### [TASK DETAILS]
Although the data below contains pictures, output only the lines between those holding "Ferienwohnung Finkenweg" and "2022 GMC Sierra", inclusive, exactly and without those pictures.

────────

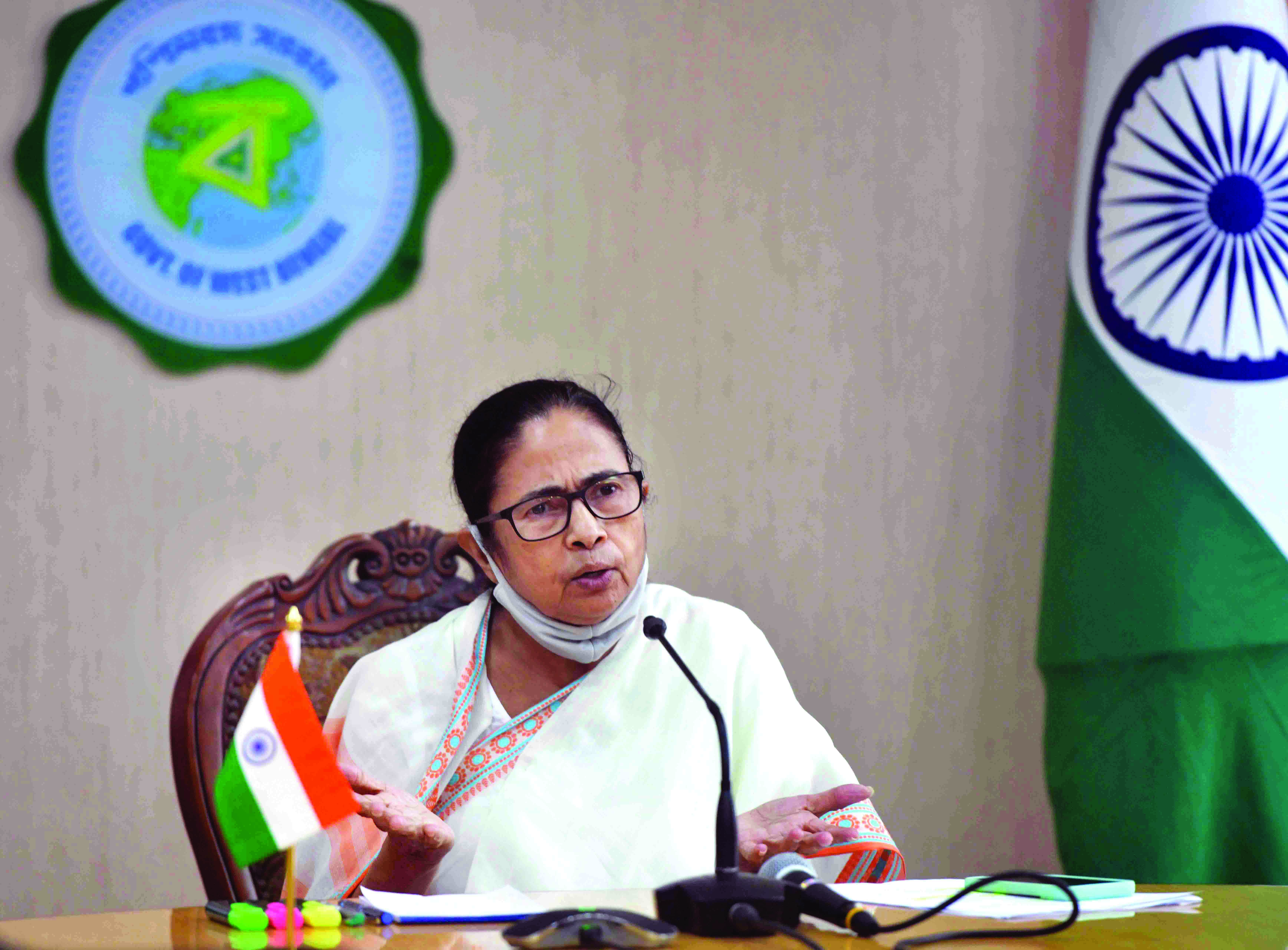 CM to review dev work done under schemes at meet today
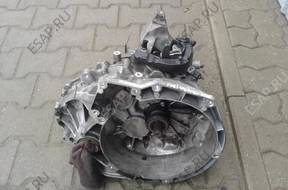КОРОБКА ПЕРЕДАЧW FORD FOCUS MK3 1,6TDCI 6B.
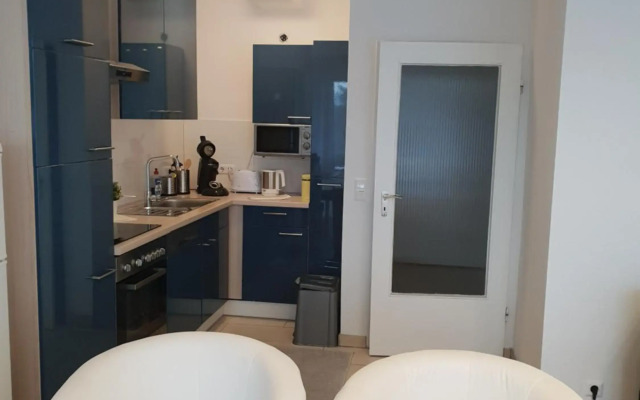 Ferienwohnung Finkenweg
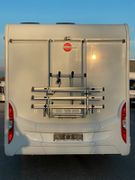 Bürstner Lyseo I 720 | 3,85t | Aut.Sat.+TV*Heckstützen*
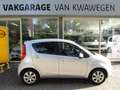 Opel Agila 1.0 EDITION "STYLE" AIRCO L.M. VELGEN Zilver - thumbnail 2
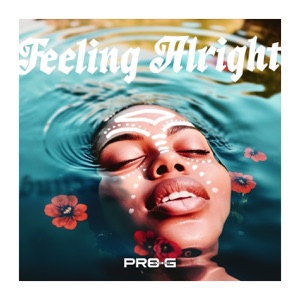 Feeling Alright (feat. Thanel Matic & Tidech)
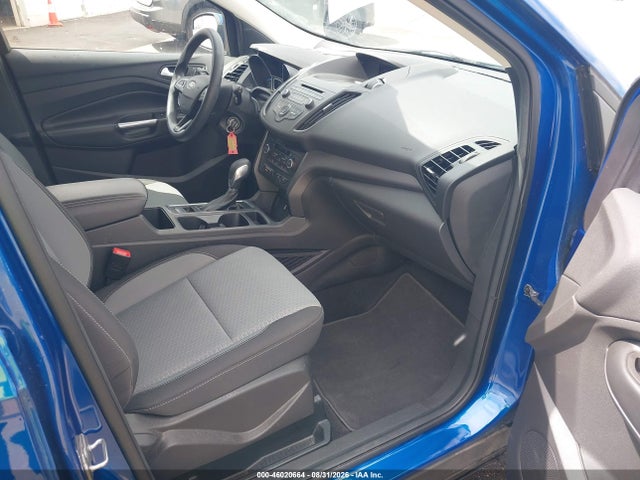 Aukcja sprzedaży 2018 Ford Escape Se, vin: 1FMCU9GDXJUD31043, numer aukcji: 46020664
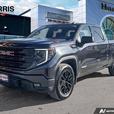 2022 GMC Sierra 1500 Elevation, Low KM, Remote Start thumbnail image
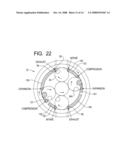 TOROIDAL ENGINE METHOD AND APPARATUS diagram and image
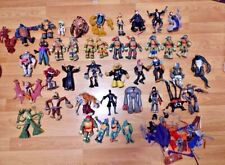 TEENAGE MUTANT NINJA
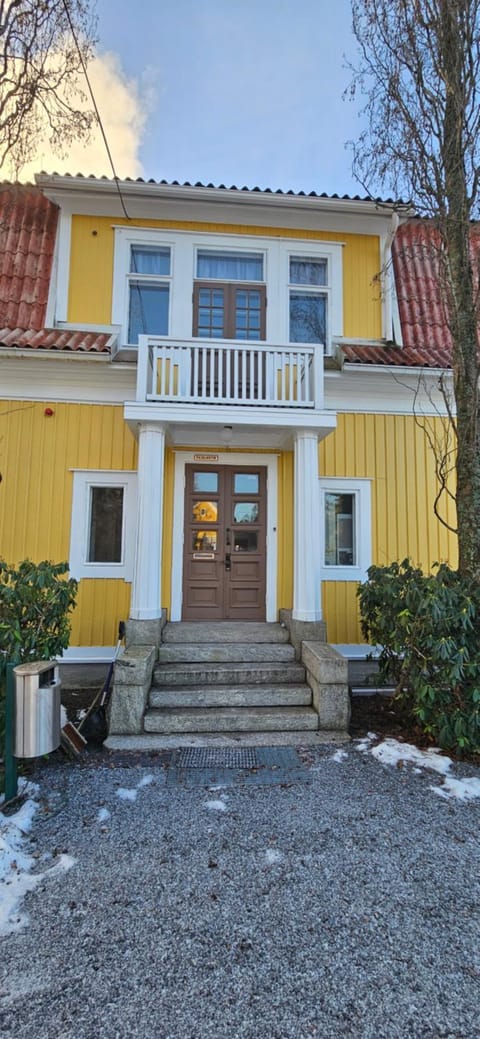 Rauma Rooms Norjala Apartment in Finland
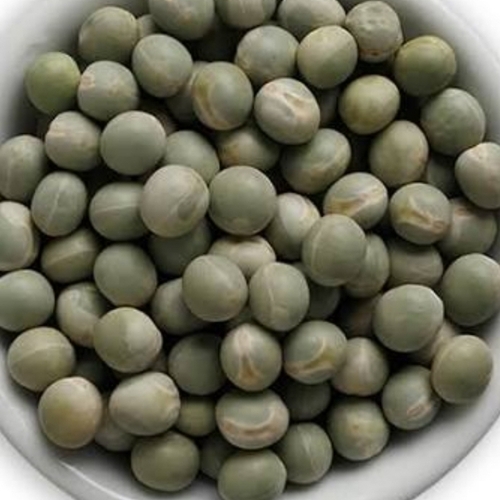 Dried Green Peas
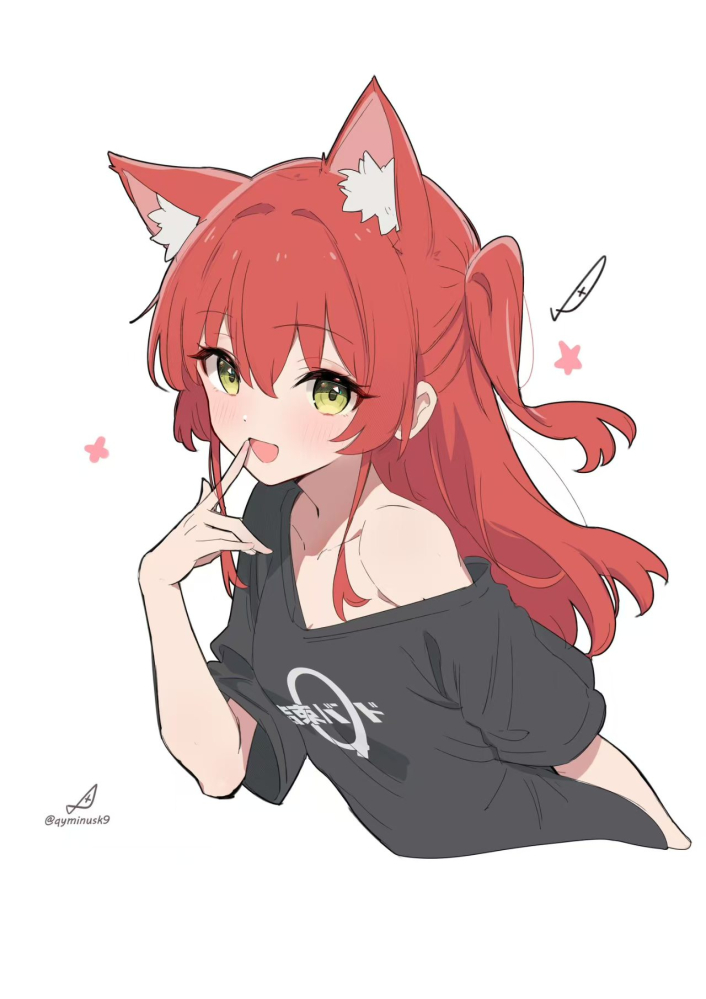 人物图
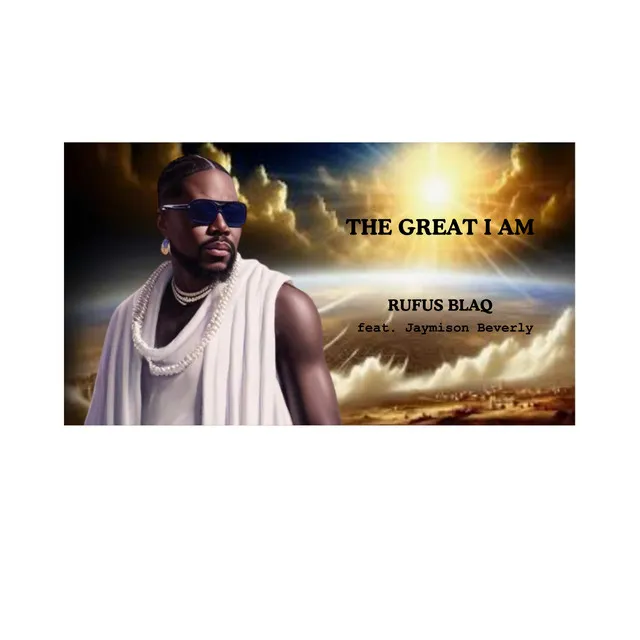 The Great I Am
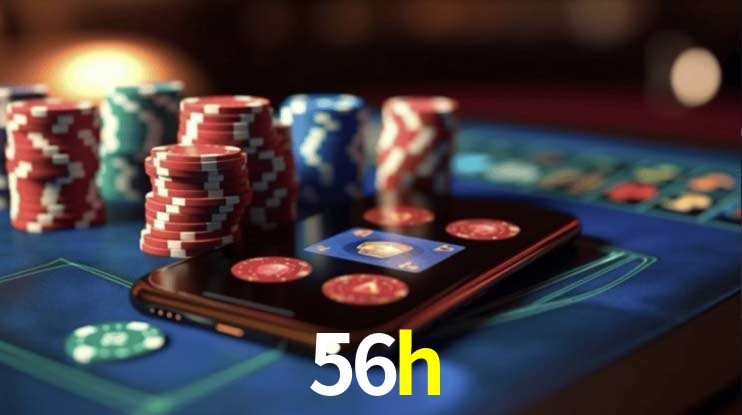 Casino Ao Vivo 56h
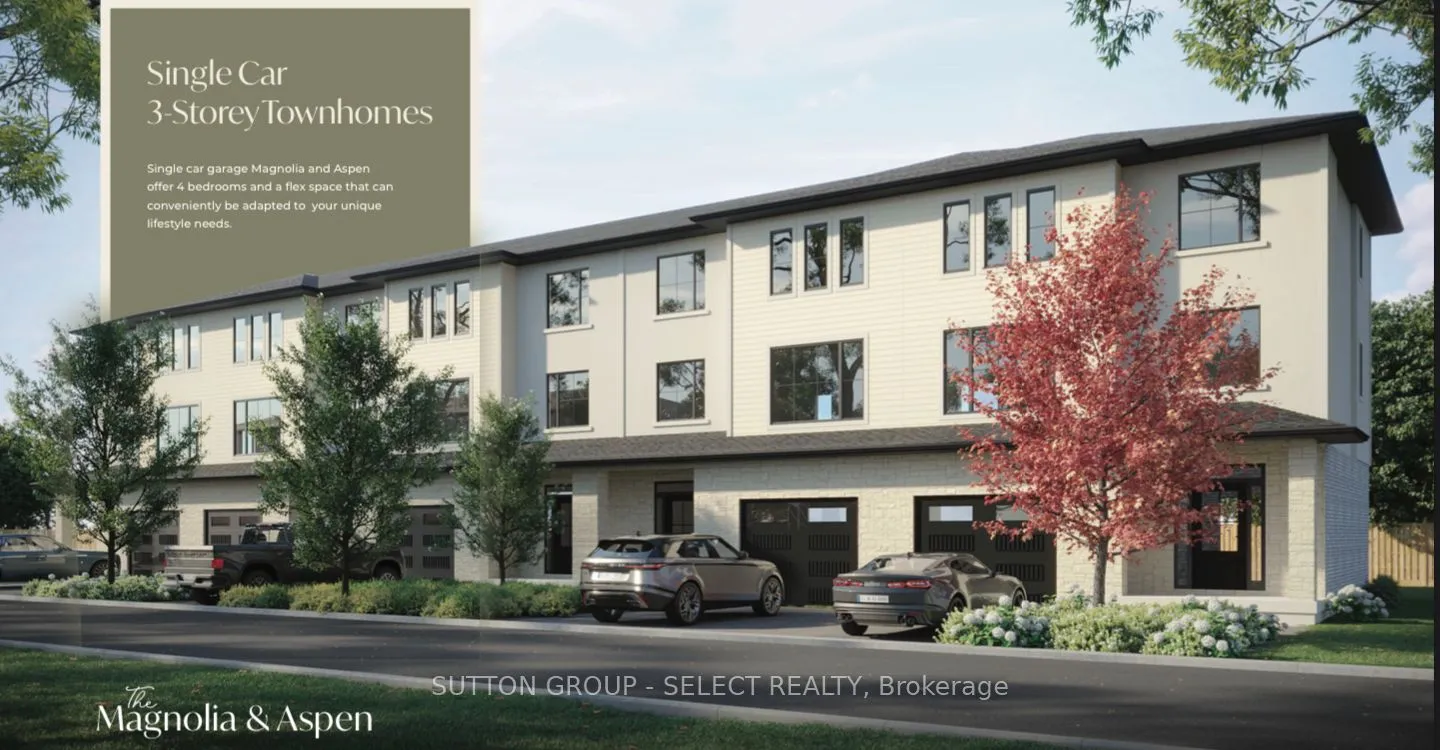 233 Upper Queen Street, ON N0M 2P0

────────

### [TASK RESPONSE]
 Ferienwohnung Finkenweg
 Bürstner Lyseo I 720 | 3,85t | Aut.Sat.+TV*Heckstützen*
 Opel Agila 1.0 EDITION "STYLE" AIRCO L.M. VELGEN Zilver - thumbnail 2
 Feeling Alright (feat. Thanel Matic & Tidech)
 Aukcja sprzedaży 2018 Ford Escape Se, vin: 1FMCU9GDXJUD31043, numer aukcji: 46020664
 2022 GMC Sierra 1500 Elevation, Low KM, Remote Start thumbnail image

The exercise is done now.